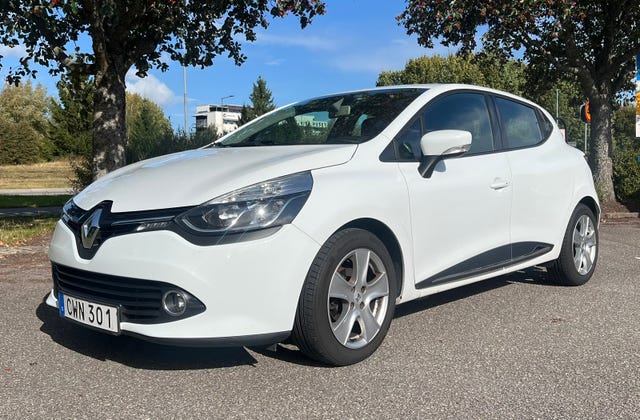 Renault Clio 2014
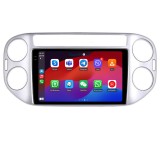 Cumpara ieftin Navigatie Android Dedicata Volkswagen Tiguan (2006-2016), Display 2K, 4Gb Ram, 64Gb Stocare, Bluetooth, WiFi, Carplay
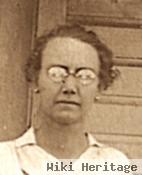 Edna Alberta Hamman Allen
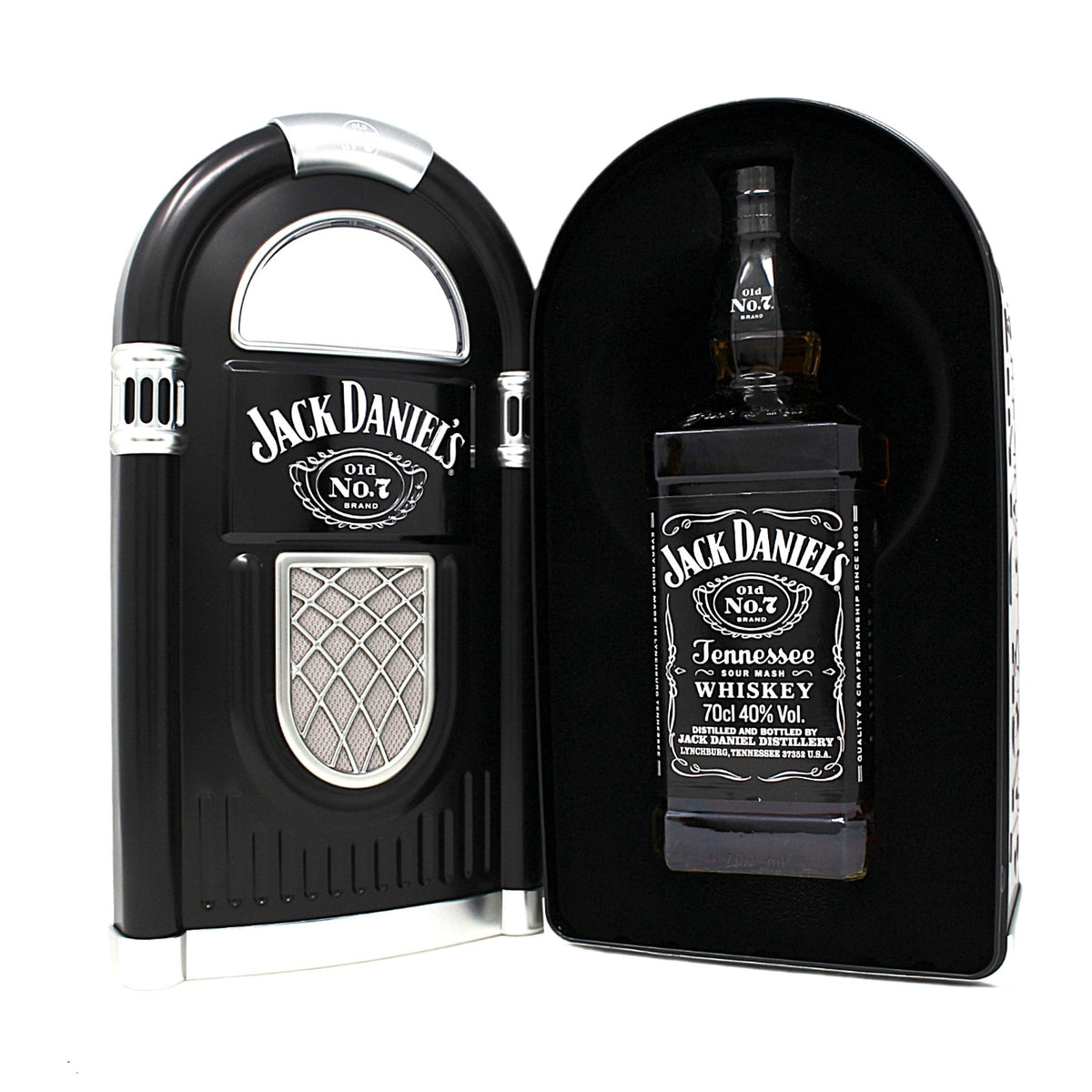 Jack Daniel's Jukebox Edition 0,7 L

#### How to complete this task:
Reproduce every line of the data above, exactly as it stands, but not the pictures.

#### Answer space:
 Renault Clio 2014
 Cumpara ieftin Navigatie Android Dedicata Volkswagen Tiguan (2006-2016), Display 2K, 4Gb Ram, 64Gb Stocare, Bluetooth, WiFi, Carplay
 Edna Alberta Hamman Allen
 Jack Daniel's Jukebox Edition 0,7 L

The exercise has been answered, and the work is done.